Conblock2 yang ada di pedestrian kampus ini pun, cukup rama yang membuat kursi roda elektriku benar2 nyaman. Tidak miring2 dan tidak membuat pergerakannya dan tubuhku menjadi tidak nyaman. Karena, dengan permukaan lantai yang tidak rata, walau berada di kursi rida elektrik, untuk penyandang disabilitas pun tidak bisa membuat mereka akhirnya mau keluar dari kepompongnya ......
***
Memang, baru hanya pembangunan ramp untuk kursi roda sebagai bagian dari fasilitas penyandang disabilitas. Belum masuk lebih dalam lagi.
Misalnya, bagaimana dengan keberadaan lift yang terlalu kecil dan tombol2 yang terlalu tinggi?
Bagaimana tentang keberadaan toilet disabilitas?
Atau, bagaimana dengan kesiapan petugas2 kampus untuk membantu penyandang disabilitas?
Kesemuanya memang membutuhkan waktu dan proses. Tetapi, dengan bertambahnya kepedulian dari mereka, rasaya kampus ini mampu menjadi salah satu kampun yang bisa mulai sadar untuk membuka diri bagi calon2 mahasiswa disabilitas.

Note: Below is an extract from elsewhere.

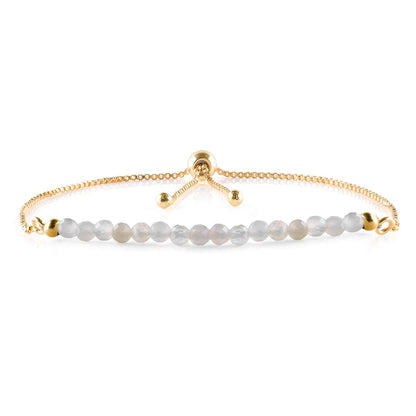 InfinityGemsArt Moonstone Bracelets For Women June Birthstone Jewelry Micro White Beads Beaded Stone Bolo Slider Crystals Gemstones, 14K Gold Plated Adjustable Chain, Valentines Day Gifts For Her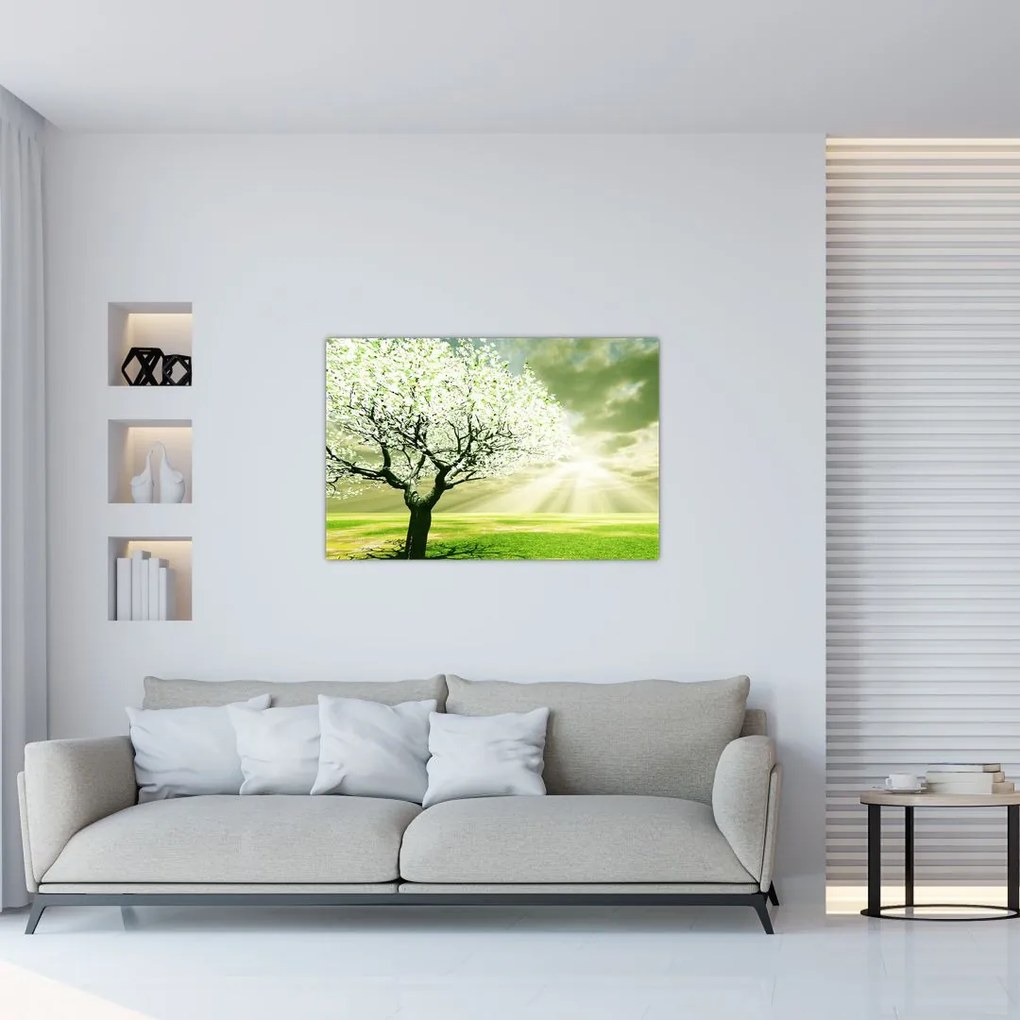 Tablou cu copaci pe luncă (90x60 cm)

Walau ini juga terlihat hanya untuk penyandang disabilitas daksa pemakai kursi roda, Kampus 1 Untar mungkin bisa segers membangun "jalur kuning" untuk jalur disabilitas netra, karena persiapan dan prosesnya tidak serumit membangun ramp atau fasilitas2 fisik lainnya.
"Jalur kuning", bisa ditempel tanpa harus membongkar permukaan lantai, sehingga persiapannya mungkin hanya di workshop dan di lapangan tinggal memasangnya saja.
Jadi,
Dalam rangka Hari Disabilitas Internasional 3 Desembet 2019, Kampus Untar sdah mempelopori tentang kepedulian social, terutama tentang kaum disabilitas.
Kampus2 mana lagi yang akan menyusul?